He said to meet him in the "big Russian room." So, when I descend into the subterranean warren of steam rooms and saunas, I peek my head into every room, each time eliciting awkward moments in which numerous people lift their heads up to stare at me through the steam. The "big Russian room" ends up being the last one, the one with stone walls, the one where men lay on wooden planks being kneaded by other men, where some women unsnap their bikini tops, where people stand in line to throw buckets of ice-cold water on each other. He smiles at me when I enter, his big charming shiny smile.

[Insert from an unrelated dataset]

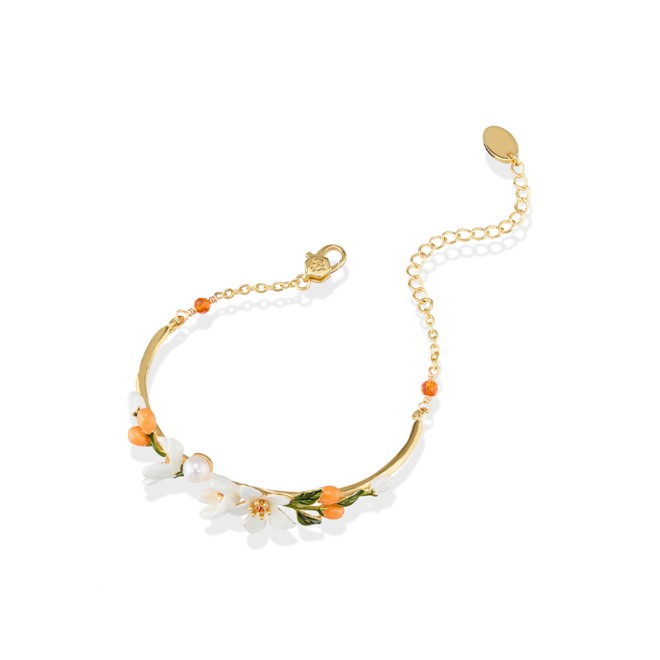 Orange Blossom and Kumquat Half-Bangle Bracelet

After the first date, I was certain I would never contact him again. But he offered to cook for me, so I decided to go on one more date. He's a "filmmaker" and an "art-handler." In New York City language, that means he has a rent-control apartment and he moves things as a day job. I've been dating all these rich jerks for a while, so why not try someone poor? For variety. He's interesting at least: His mom was a Jewish bohemian who settled in the East Village and had three children by three different men in three different countries. They grew up in a ground-floor apartment on St. Marks, which he now lives in with a cat named Max (yes, rent-control). It's between the Yaffa Cafe and Cafe Mogador next door to a second-hand bookstore, and it hasn't been renovated since his mother lived there. The bathroom is in the kitchen, the wooden floors are painted red, the kitchen cabinets are just shelves. The thing is: He's an amazing chef. He has one of those CSA shares so the wooden table in the kitchen is always piled with vegetables. We spend Friday nights peeling potatoes and carrots, drinking red wine and laughing, and later eating. I've never dated anyone so poor, so healthy. I've eaten at a lot of fancy restaurants, and I would say his cooking is way up there, sometimes even better.

He's been going to the Russian & Turkish baths since he was young ("only the co-ed nights," he assures me). He introduces me to the other regulars, gnarled old people with crazy city tales. He remembers a time when Madonna made it fashionable for women to walk outside wearing only their bras. He remembers his mother's gay friends dying of AIDS at St. Vincent's. He listens to music the same way he has all his life: By turning the knob on the radio until there is a signal. He is passionate about rent-control and water-quality and organic food. But he is also a conspiracy theorist, which means this will not last forever. But that is sort of the beauty of it: knowing there is an end, only enjoying the moment.